El último en caer fue Rishi Sunak, tan mediocre como sus antecesores, solo lo supera Boris Johnson un ignorante de las leyes, de la Constitución y de la separación de poderes.
Darle a la democracia en la diana se está convirtiendo en el maquiavélico juego preferido de varios políticos mundiales obsesionados por demostrar que, sus egos, están por encima de las mayorías, de las instituciones, del Estado, de las leyes… en suma, de la esencia misma de la democracia.
El primer ministro, el laborista, Keir Starmer, ha heredado un auténtico desastre dejado por los gobiernos conservadores que no solo hicieron todo por sacar a Reino Unido de la UE, sino también, por destruir a la sociedad. Y si se destruye a la sociedad, se mina a la democracia.
Hasta China o Rusia parecen más civilizadas ahora mismo que Reino Unido; algunos dirán desde Beijing lo bien que lo hacen y alabarán su sistema político.
Lo más peligroso es que está aconteciendo en las gloriosas democracias occidentales, es decir, ya no son las críticas acostumbradas y recurrentes de la salud de los sistemas políticos de África, ni de América Central o América del Sur, o de China o Rusia.
A COLACIÓN
Para diversos autores, la grave crisis en las democracias europeas, es una consecuencia directa de la Gran Recesión; esa larga desaceleración y en muchos casos caída económica acentuada desde 2008 y que ha sido muy dolorosa.
Esa crisis erosionó la confianza de los ciudadanos hacia la gestión de sus propios gobernantes y ha dejado como resultado un incremento en los índices de desigualdad… ya se habla, sin disimulo, de pobreza (antes eran marginados o excluidos); y de tasas angustiantes de paro con un sistema de empleo contaminado de contratos temporales que cortan toda esperanza de los jóvenes por lograr un sueldo y un trabajo dignos.
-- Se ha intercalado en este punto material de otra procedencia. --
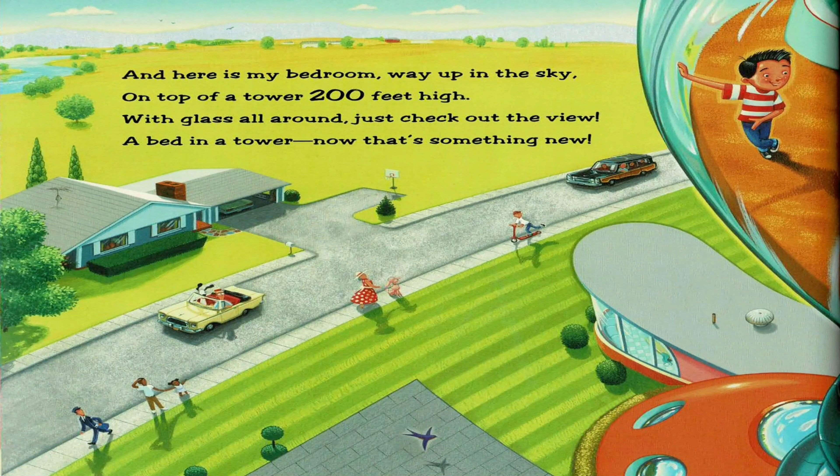And here is my bedroom, way up in the sky, on top of a tower 200 feet high. With glass all around, just check out the view. A bed in a tower — now that's something new.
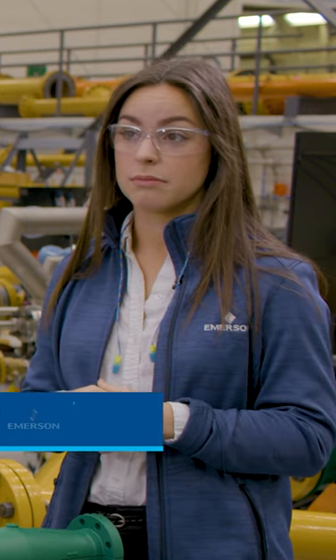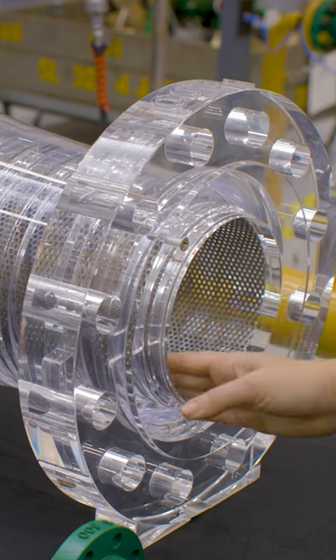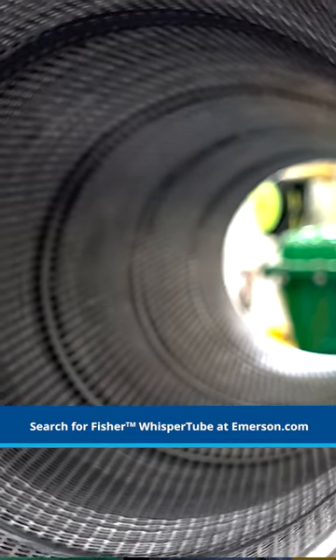It can reliably provide 10 to 15 dBA noise reduction for all noise sources upstream. The Whisper Tube can do this with no pressure drop and no impact on process flow. This is very unique because no other technology can achieve this today without acoustic packing.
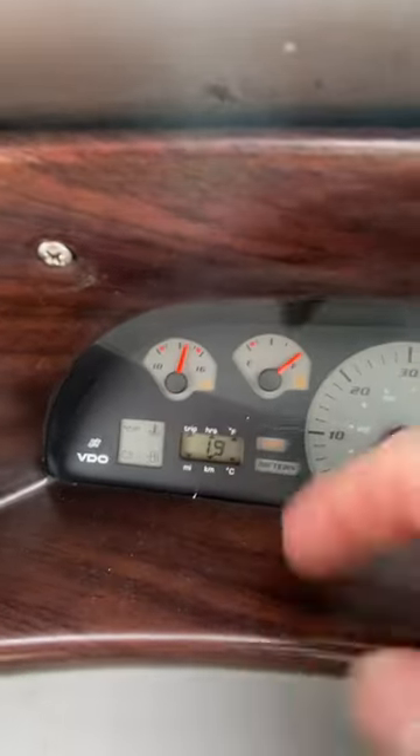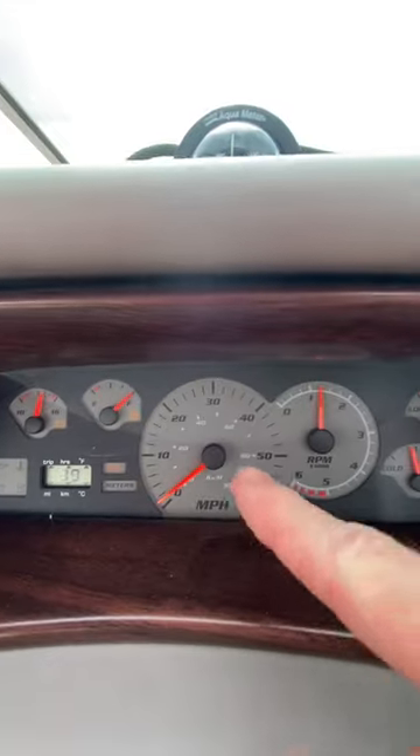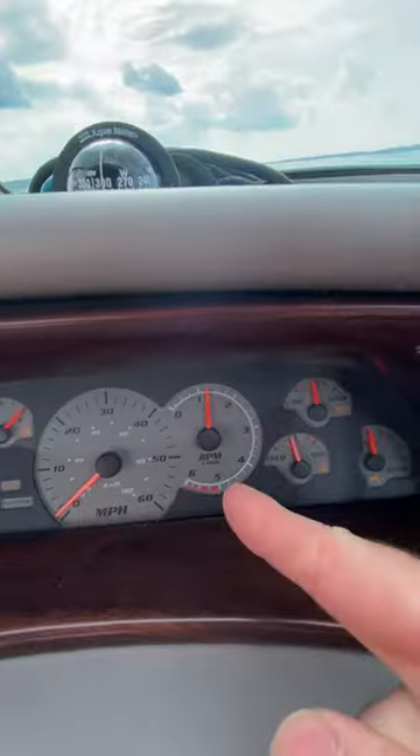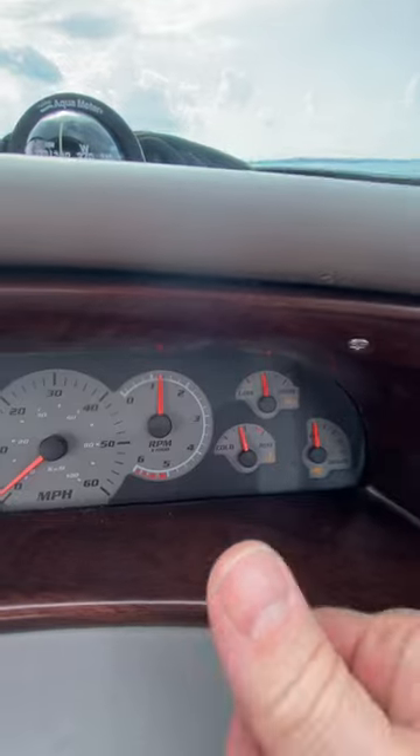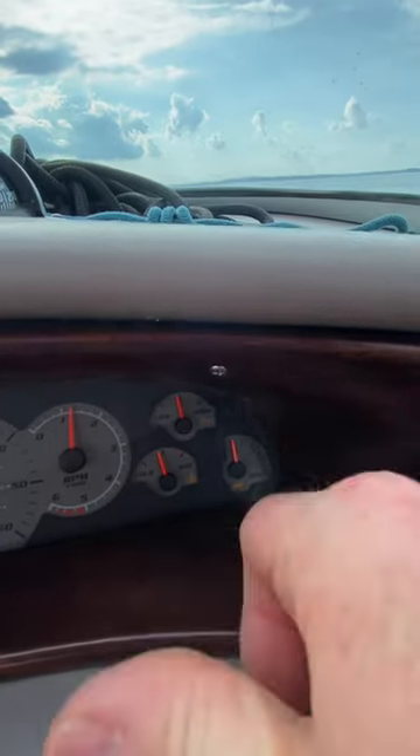So my voltage gauge, that works. My fuel gauge, that works. My speedometer, that doesn't work. My tachometer, that does work. My oil pressure gauge, does work. My temperature gauge, does work. My tilt trim gauge, that doesn't work.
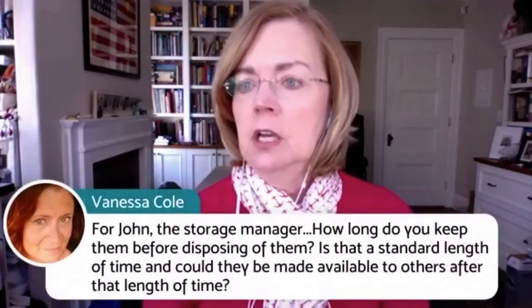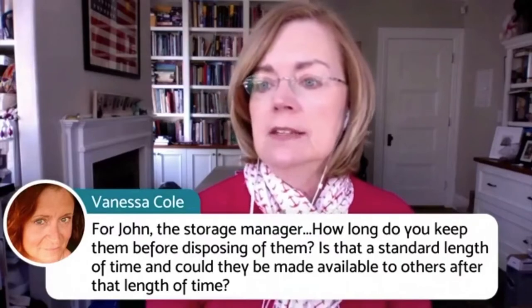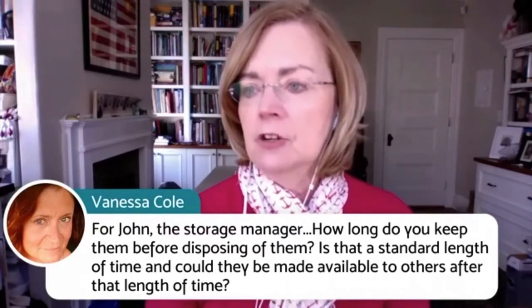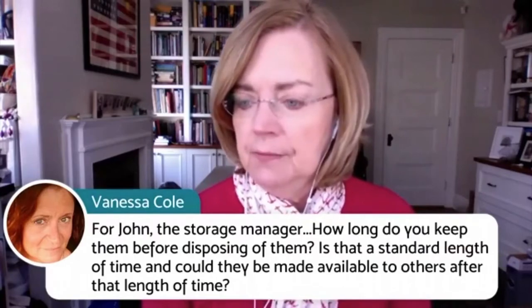Vanessa has a question for John the storage manager: how long do you keep family photographs before disposing of them, and could they be made available to others after that time? John responds — they keep them for one month. That's a pretty good amount of time. That would have covered my mother-in-law's storage locker situation, since I called within a couple of days of the auction, just because I had that sinking feeling something was wrong. Sometimes you get that sixth sense.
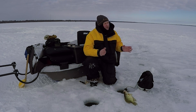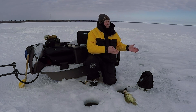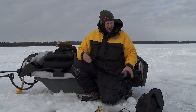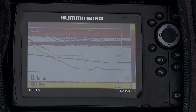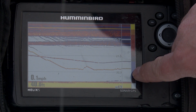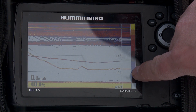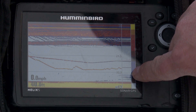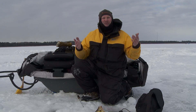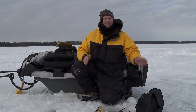2D sonar has come so far over the years that now it's just as fast as any of these flashers. We have what's called an RTS window — a real-time sonar window — so I'm actually seeing everything that's happening down there in real time, just as fast as any flasher.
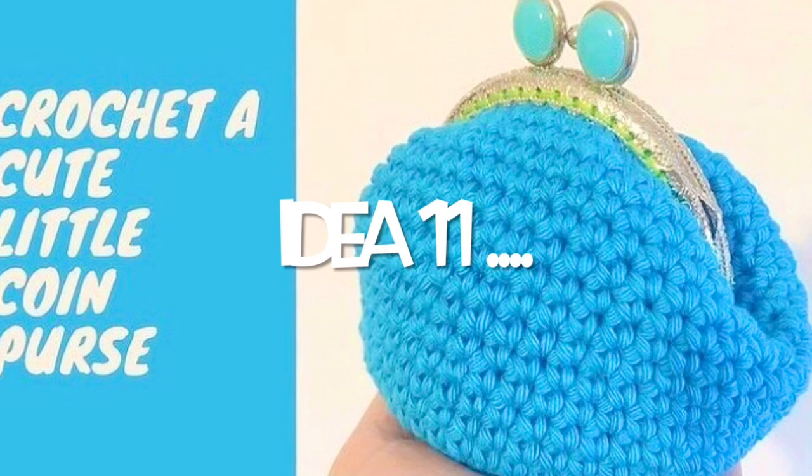On day 16 of last year's Vlogmas, I showed you how to make fabric coasters. These are fully padded so your table is protected. You can make them in sets of two, four, six, or however many you want. You can make these all year round and use them on your coffee table. Tie them together with a ribbon and give them as a gift — a nice idea if you've got lots of oddments of fabric to use up.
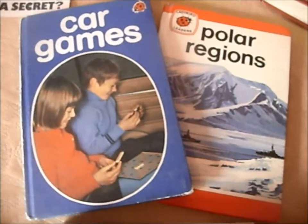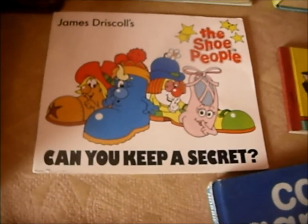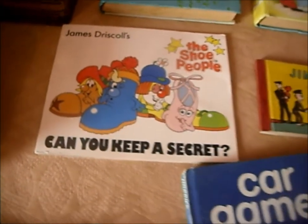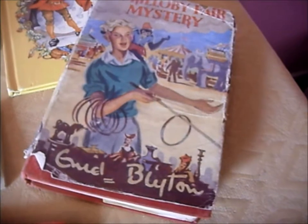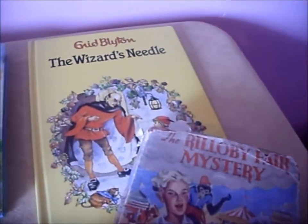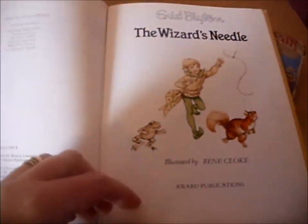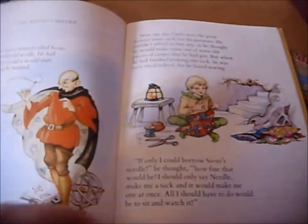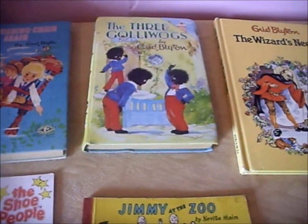Two interesting Ladybird books — I'll sell them for a couple of pounds each. There's the Rilloby Mystery by Enid Blyton, an early one but not a first edition, and in that condition just worth about £5. There's also a newer version of an old book with lots of nice pictures, and because of the style of it I'll sell that for £4. The Golly book there is worth about £10.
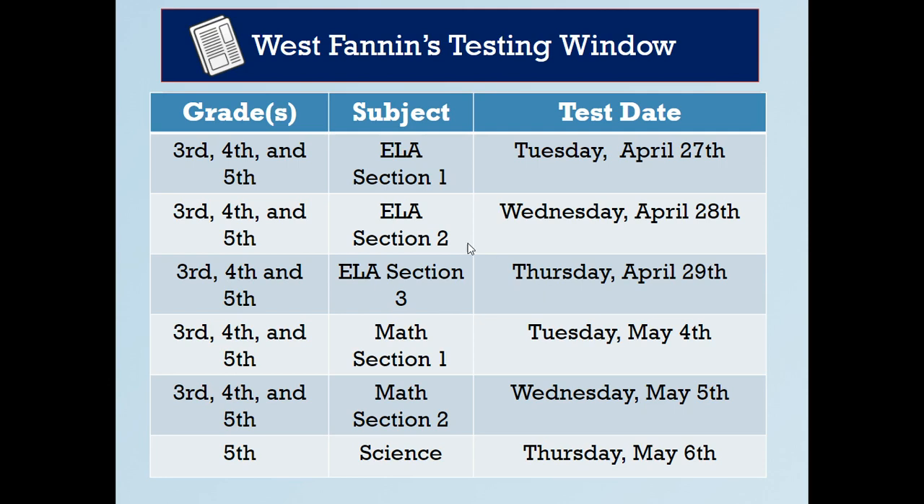West Fannin's testing window will start on Tuesday, April 27th. Third, fourth, and fifth grade will take ELA section one on the 27th, section two on the 28th, and section three on the 29th. We typically don't test on Mondays, so we'll start again Tuesday, May 4th with math section one, and Wednesday, May 5th with math section two. Our last day of testing will be Thursday, May 6th with only fifth grade science.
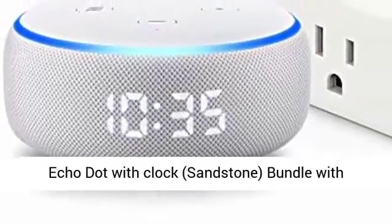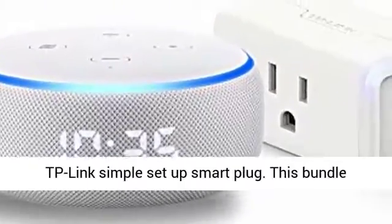Echo Dot with Clock, Sandstone, bundle with TP-Link Simple Setup Smart Plug.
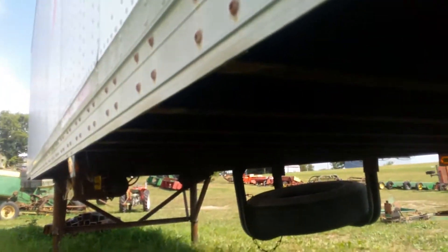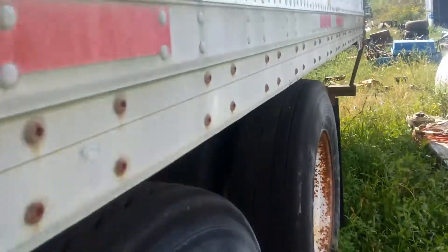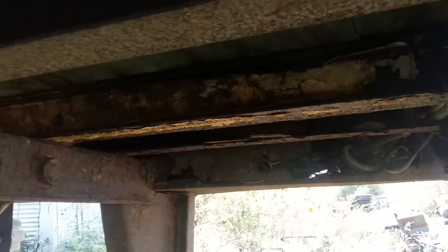It has a spare tire carrier with a spare tire in it. The trailer seems to be pretty decent. The tires — some are better than others, but all of them brought it home. There is a little bit of rust on the back cross member, but other than that, it appears to be a very structurally sound unit.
Yo creo que bien vale la pena reflexionar, si las democracias occidentales, están dando las respuestas más eficaces a los desafíos actuales y futuros o si únicamente vemos peleas entre los partidos políticos y la prevalencia de intereses que a todas luces no representan el sentir de la mayoría. Lo que está en juego es la democracia esa que tanto costó construir tras levantarse contra el poder despótico. Esa que quería evitar que el poder recayera en la decisión de una sola persona.